Restricting to the polymorphic sites in HQG data, we calculated genotype likelihoods (GL) from the low-coverage data using ANGSD with minimum mapping quality of 20 and minimum base quality of 30 [9]. We used the GL data as input to PCAngsd to compute the two selection statistics (PCAngsd-S1, PCAngsd-S2) for the population sets. To verify the results obtained from the low-coverage data, we also analyzed the same individuals in the HQG data using PCAngsd, pcadapt (default settings), and FastPCA (fastmode:YES, following [7]).
We also tested the performance of pcadapt and FastPCA on low-coverage data by calling genotypes using bcftools [12] with minimum mapping quality of 30, minimum base quality of 20, and disabling BAQ (–no-BAQ) to resemble the filters used with ANGSD. We restricted the analyses to the polymorphic sites in the HQG described above. From the called genotypes from low-coverage sequencing data, we generated two datasets: One excluding all genotype calls with genotype quality \(<20\) (hereafter referred to as CG standard) and one including all called genotypes (hereafter referred to as CG*).
Analyses on low coverage data
We also used the low-coverage sequencing data to test the performance of PCAngsd without prior knowledge on polymorphic sites. We used ANGSD with the same mapping (30) and base quality (20) filters described above to calculate GL. Variable sites were identified using a likelihood ratio test (-SNP_pval \(10^{-6}\)) and a minimum allele frequency filter on 0.05 (-minmaf 0.05). To remove false positive variable sites, we next applied a callability filter that excludes genomic regions of low quality and complexity. The filter is based on the sequencing depth and mapping quality across samples, thus, no external information is required. In total, we identified 4.1 million and 4.6 million polymorphic sites in the Asian and European population sets, respectively.

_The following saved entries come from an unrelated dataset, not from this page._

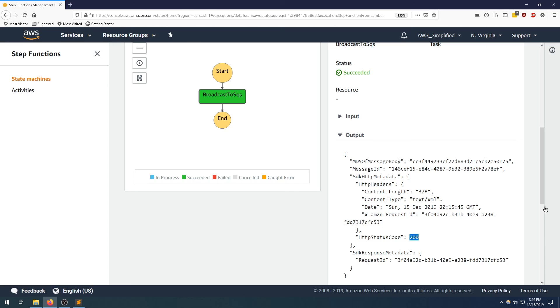So hopefully you found this video useful. I have quite a few videos on step functions and step function orchestration, including Dynamo and SQS and SNS. Highly suggest to check those out. I'll put a playlist in the pop-up that's coming up in a second. Thanks so much guys, and I'll see you next time.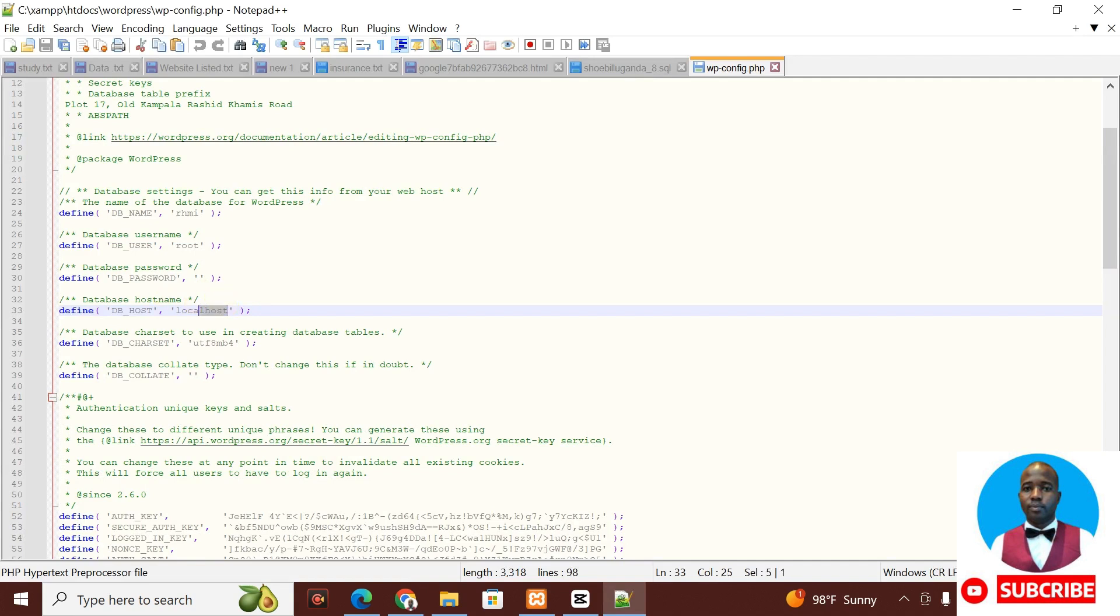So here, instead of being localhost, I'm going to replace it with an IP address. I'm going to type there 127.0.0.1. Then I am going to save this.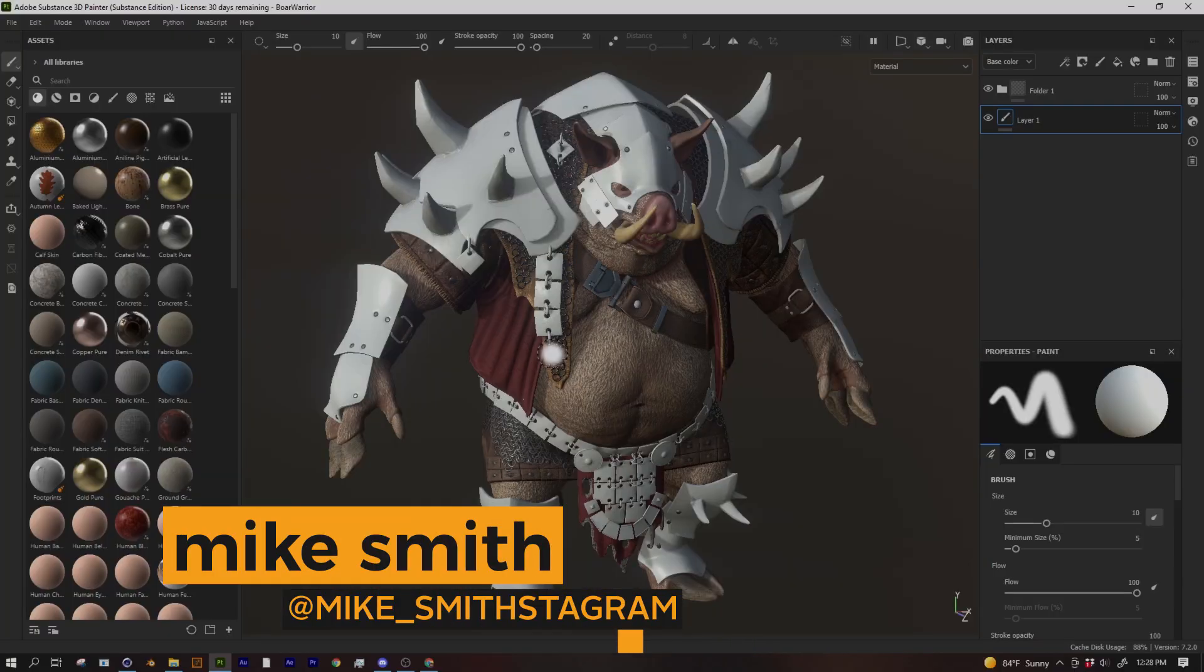What's up creators? So I'm sitting here doing a personal project and I came up with a cool tip for you guys for Substance Painter.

Read length bias in low coverage sequencing data
The low coverage sequencing data from the 1000 Genomes Project consists of multiple difference sequencing sources with highly variable sequencing length. Variable sequencing length can introduce a bias in population genetics analyses, particularly for low structure analyses. In the PCA of the East Asian samples based on polymorphic sites identified from the low coverage sequencing data, PC2 correlates with the sequencing length of the samples (Additional file 1: Figure S7). To identify genomic sites where the GLs correlate with the sequencing length, we conducted a logistic regression analyses tailored for low coverage sequencing data using ANGSD (-doAsso 5, [8]), where the trait/phenotype is the samples stratified the into two groups based on their read length (\(<99\)bp and \(\ge 99\)bp) and their sample population of origin was used as covariates to ensure we did not identify genomic sites driven by population differentiation. We removed sites with a p-value \(< 10^{-3}\).